Die Auswahl der Evaluationsmethode orientiert sich an der Zielsetzung und der gewählten Strategie. Es lassen sich grundsätzlich drei Erhebungsmethoden unterscheiden

» nicht-reaktive Datenerhebung (Logfile, Beobachtung etc.)
» Befragung (Online-Fragebogen etc.)
» Testung (Online-Experiment)

In diesem Zusammenhang wird vor allem auf die Möglichkeiten und Probleme der Evaluation beim Einsatz von Multimedia eingegangen. Für grundlegende Fragen zu evaluativen Methoden wird auf die einschlägige Literatur verwiesen. (siehe z.B. J. Bortz & N. Döring (1995) Forschungsmethoden und Evaluation)

nicht-reaktive Datenerhebung

Vorzüge bieten die Möglichkeiten der nicht-eingreifenden Datenerhebung bei elektronischen Medien z.B. über den Einsatz von Logfiles oder computergestützten Videoaufzeichnungen. Auf diese Weise sind Beobachtungsdaten teilweise leichter und detaillierter zu erheben als bei Live-Beobachtungen oder per Videoauswertung. Dies ermöglicht auch die Erhebung von Daten, die anders nicht mit einer gleichen ökologischen Validität erhalten werden könnten, da viele Beobachtungsmaßnahmen den Beobachteten beeinflussen. Allerdings kann per Logfile nur die Interaktion mit dem System protokolliert werden, alle anderen Daten müssen auch weiterhin „per Hand“ erfasst werden und auch die Auswertung der erhaltenen Daten kann oft nur teilweise automatisiert werden.
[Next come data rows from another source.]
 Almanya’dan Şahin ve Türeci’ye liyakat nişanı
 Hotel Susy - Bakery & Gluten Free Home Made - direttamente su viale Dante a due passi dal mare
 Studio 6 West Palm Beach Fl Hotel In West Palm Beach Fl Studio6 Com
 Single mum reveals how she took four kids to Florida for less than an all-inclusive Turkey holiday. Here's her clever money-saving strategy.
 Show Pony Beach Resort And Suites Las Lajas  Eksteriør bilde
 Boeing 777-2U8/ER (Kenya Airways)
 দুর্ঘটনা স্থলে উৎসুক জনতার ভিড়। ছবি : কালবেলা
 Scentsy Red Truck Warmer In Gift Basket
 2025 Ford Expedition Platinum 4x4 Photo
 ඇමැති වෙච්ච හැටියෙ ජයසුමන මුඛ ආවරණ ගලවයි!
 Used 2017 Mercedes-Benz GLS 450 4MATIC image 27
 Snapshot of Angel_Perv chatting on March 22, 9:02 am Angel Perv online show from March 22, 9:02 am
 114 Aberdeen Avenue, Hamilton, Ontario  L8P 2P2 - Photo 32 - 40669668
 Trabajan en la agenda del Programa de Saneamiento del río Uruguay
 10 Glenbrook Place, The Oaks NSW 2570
Zu beachten ist bei solchen Erhebungsmaßnahmen weiterhin, dass generell der Anwender über die Erfassung seiner Daten informiert sein muss. Im Rahmen eines Web-Experimentes ist dies meist unproblematisch, bei der Erhebung im Rahmen einer Lehrveranstaltung sollte aber explizit darauf hingewiesen bzw. die Teilnehmer um Erlaubnis gefragt werden. Auch die Anonymität des einzelnen Nutzers muss ggf. sichergestellt werden können.

Befragung

Bei Einsatz von Online-Fragebögen können die anfallenden Datenmengen leicht erfasst und ausgewertet werden. Ein Vorteil, aber auch ein Kritikpunkt stellt die Erreichbarkeit der Versuchspersonen da. Per Online-Befragung können Personen weitgehend unabhängig von ihrem Aufenthaltsort erfasst werden, es steht also ein breites, vor allem geographisches Spektrum offen. Allerdings können keine Personen in die Befragung einbezogen werden, die keinen Zugang zu den entsprechenden Technologien haben oder von diesen abgeschreckt werden. Hier muss abgewogen werden, welche Zielgruppe mit der Befragung erreicht werden soll. Dient die Befragung allerdings nur begleitend zur Evaluation eines multimedialen Lernangebotes, dürften in dieser Richtung keine Problem zu erwarten sein.

Zur Beeinflussung der Befragungsergebnisse durch die Form der Befragung mittels neuer Medien liegen bis jetzt noch keine umfassenden Untersuchungen vor. Im allgemeinen dürfte dies aber unproblematisch sein, wenn eine ausreichende Gewöhnung des Befragten im Umgang mit der jeweiligen Technologie vorausgesetzt werden kann.

Bei einer elektronisch unterstützten Befragung sollte besonders darauf geachtet werden, dass die Eingaben nicht durch designtechnische Fehlerquellen(zu geringer Zeilenabstand, dicht beieinanderliegende Felder) verzerrt werden. Wenn eine spontane Antwort des Befragten wichtig ist, müssen spätere Änderungen der Antworten durch entsprechende technische Einstellungen ausgeschlossen werden.

Testung

Online-Experimente können eigenständig oder als Teil eines Lernangebotes eingesetzt und evaluiert werden. Auch das Lernangebot selbst kann Teil eines Online-Experiments sein. Hinsichtlich möglicher Schwierigkeiten gelten die bei der nicht-reaktiven Datenerfassung und der Online-Befragung angeführten Punkte entsprechend.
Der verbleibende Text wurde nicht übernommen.